Pictures with short captions
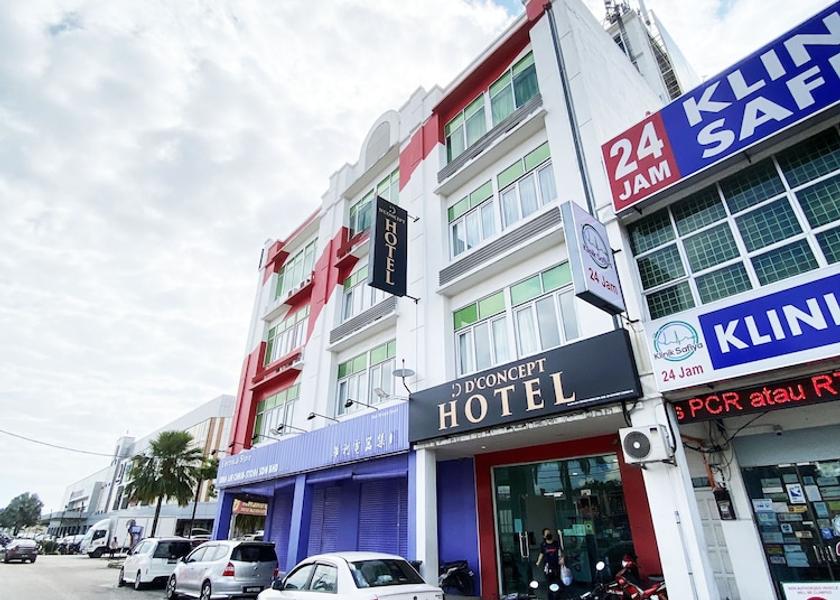Kedah Kulim Front of property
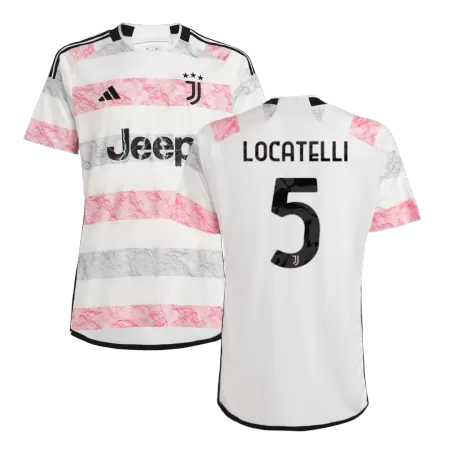 LOCATELLI #5 New Juventus Jersey 2023/24 Away Soccer Shirt - Best Soccer Players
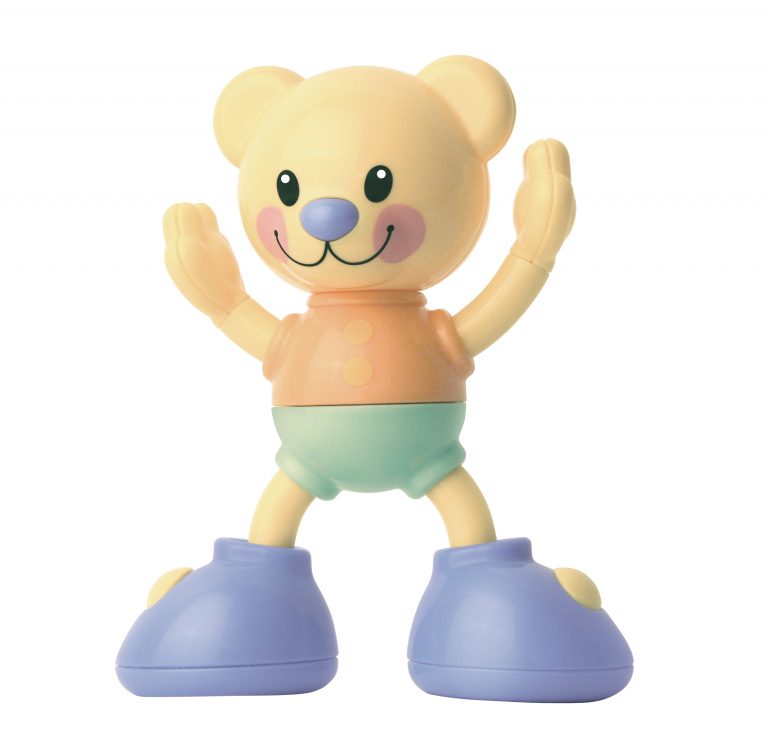 Tolo Baby Clip on Friends – Teddy Bear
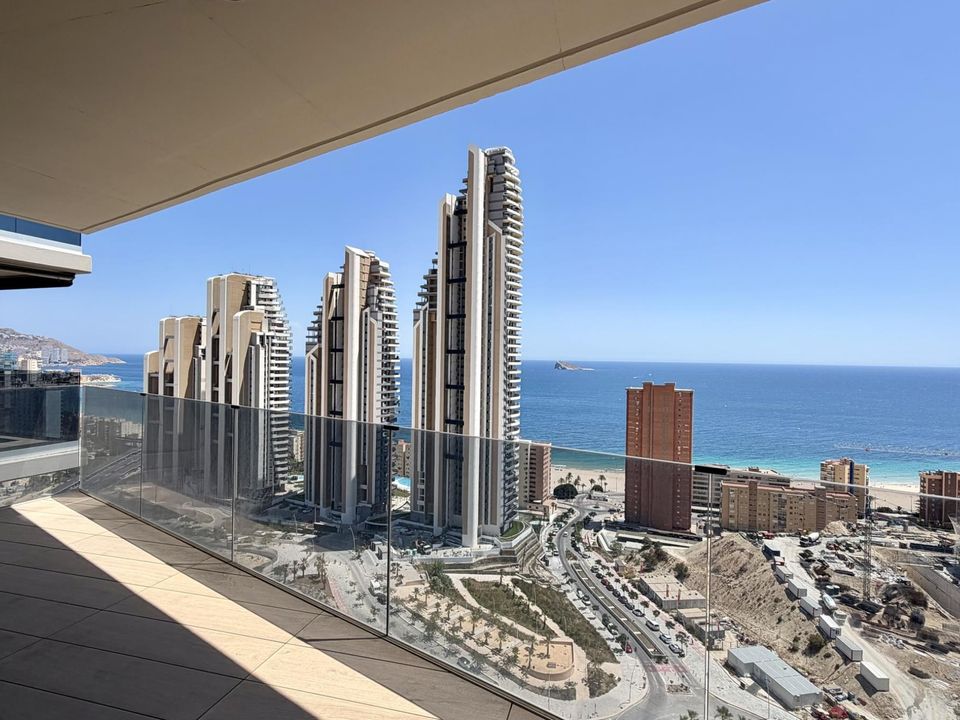 Lejlighed i Benidorm, Alicante - foto 1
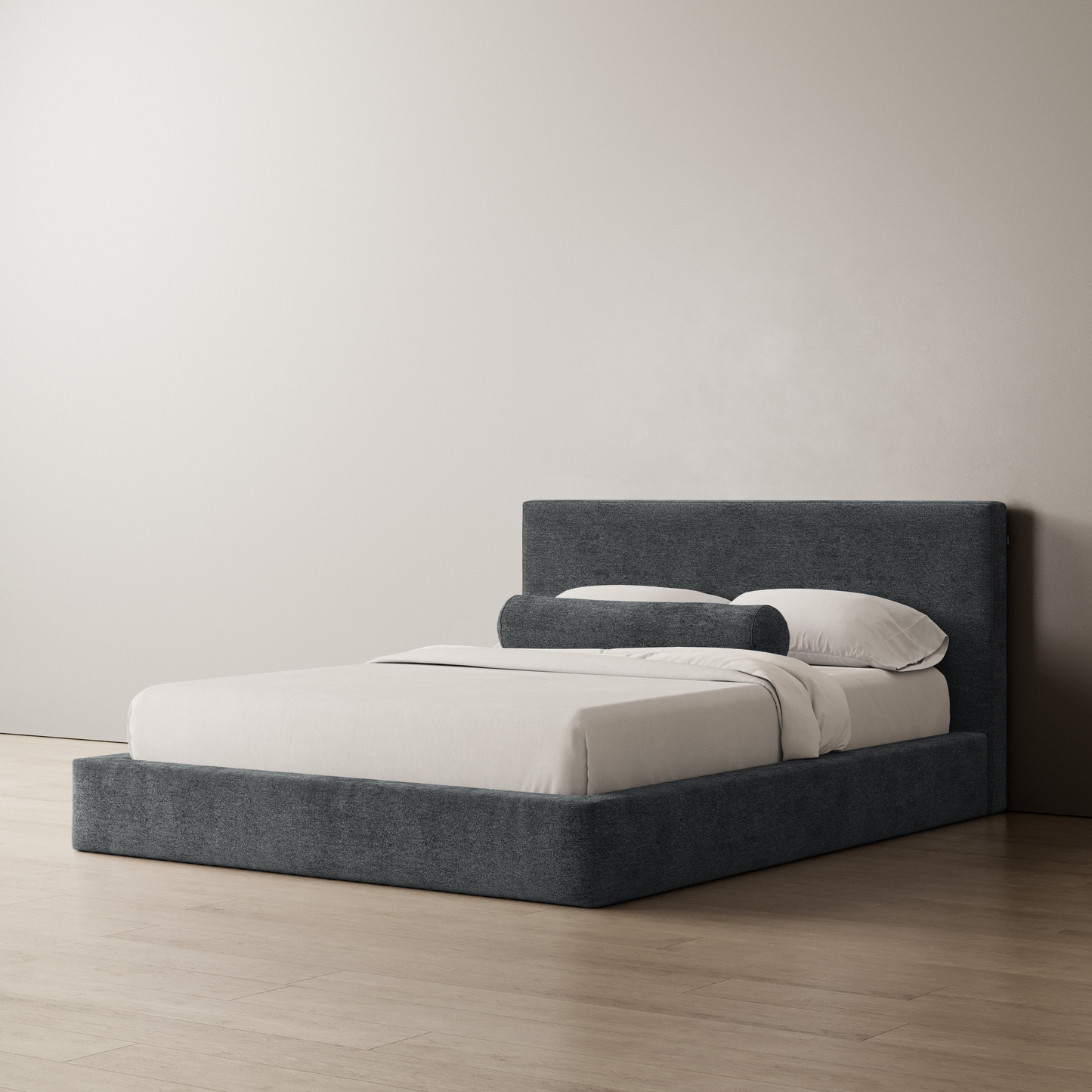 The marshmallow bed frame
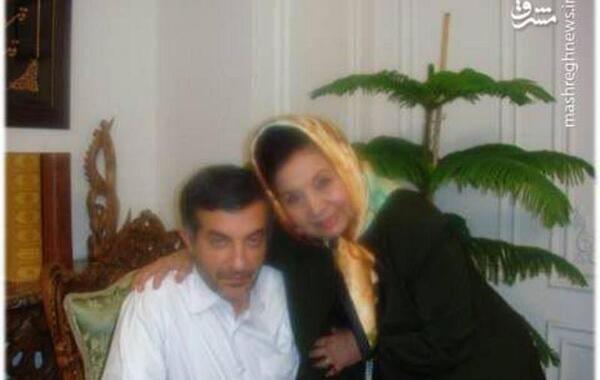 عکس همسر حمید بقایی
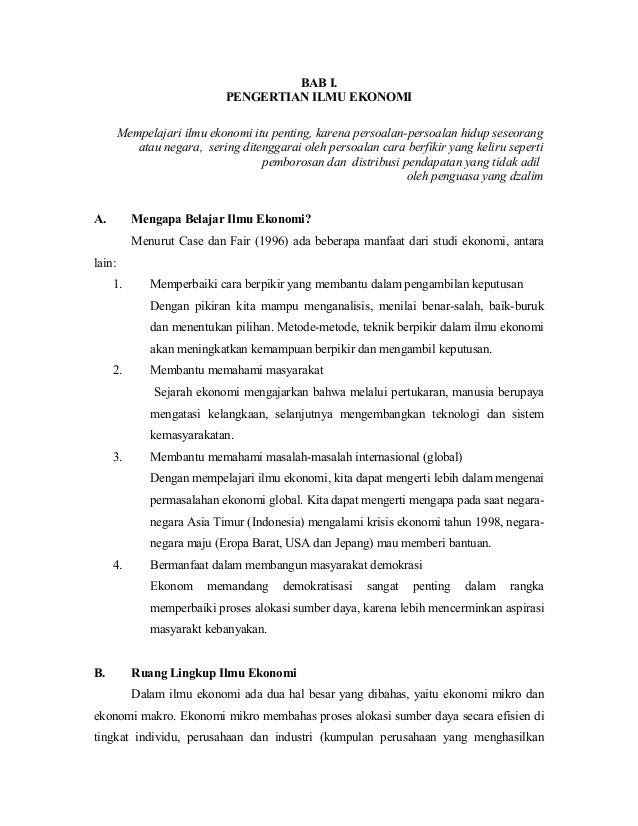 Contoh Soal Hitungan Pengantar Ekonomi Makro - Contoh Iklan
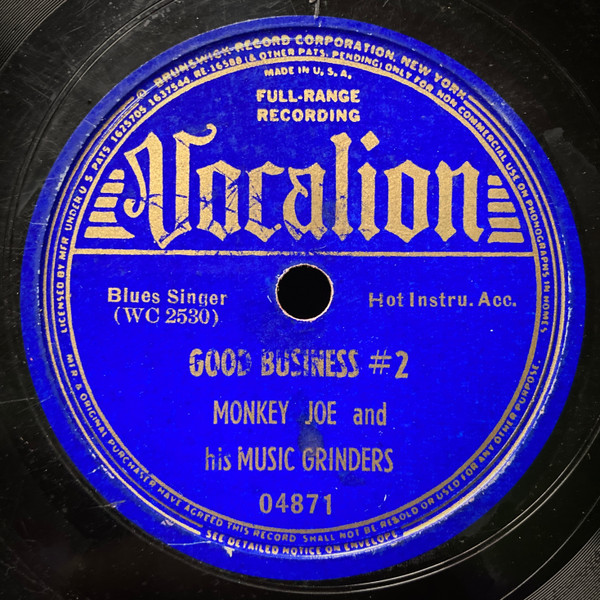 Good Business #2 / B. V. D. Blues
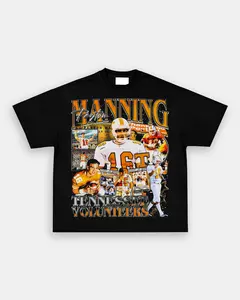 PEYTON MANNING - TENNESSEE TEE - VINTAGE BOOTLEG Streetwear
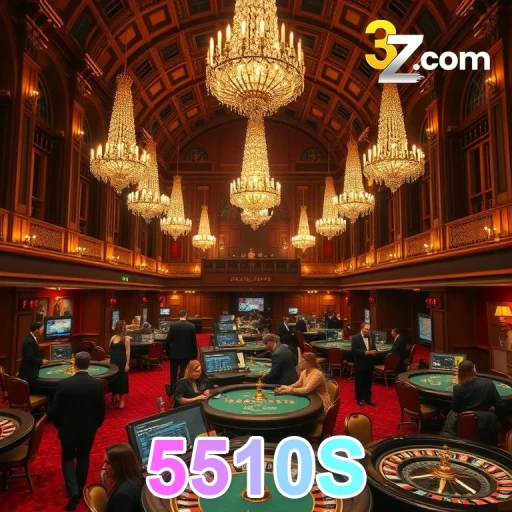 Atrações Irresistíveis do Cassino 5510S para os Apostadores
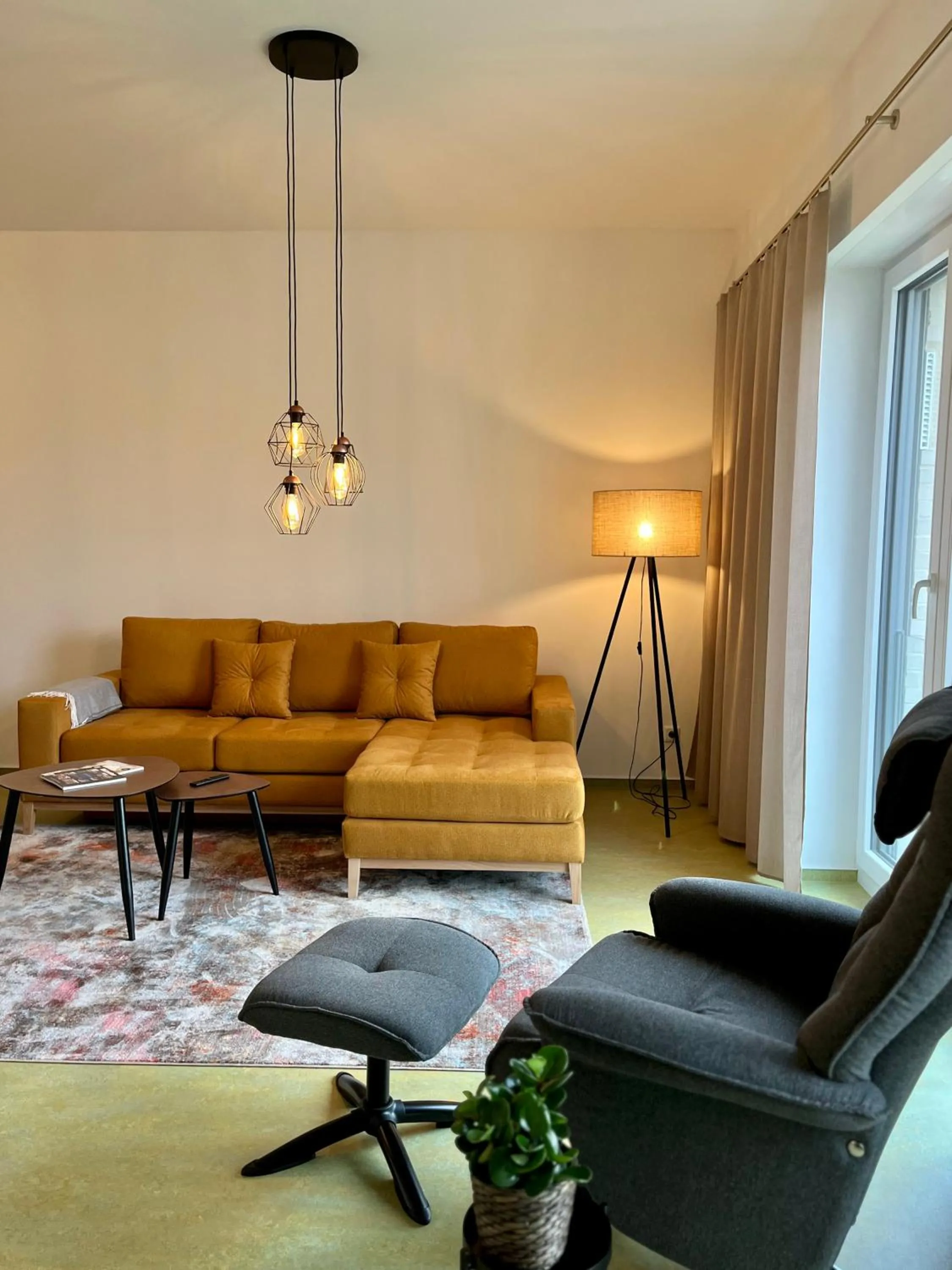 Living room in Appartements Haus Augustinus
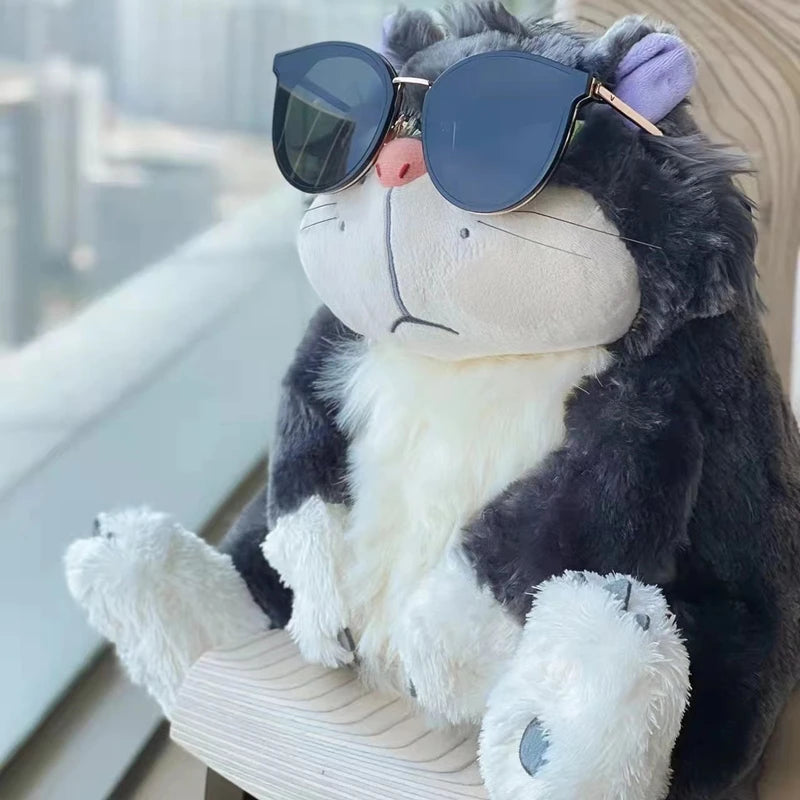 Peluche chat sera votre nouveau compagnon de câlin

Exercise prompt: Pictures aside, reproduce all of the data exactly.

Answer space:
Kedah Kulim Front of property
 LOCATELLI #5 New Juventus Jersey 2023/24 Away Soccer Shirt - Best Soccer Players
 Tolo Baby Clip on Friends – Teddy Bear
 Lejlighed i Benidorm, Alicante - foto 1
 The marshmallow bed frame
 عکس همسر حمید بقایی
 Contoh Soal Hitungan Pengantar Ekonomi Makro - Contoh Iklan
 Good Business #2 / B. V. D. Blues
 PEYTON MANNING - TENNESSEE TEE - VINTAGE BOOTLEG Streetwear
 Atrações Irresistíveis do Cassino 5510S para os Apostadores
 Living room in Appartements Haus Augustinus
 Peluche chat sera votre nouveau compagnon de câlin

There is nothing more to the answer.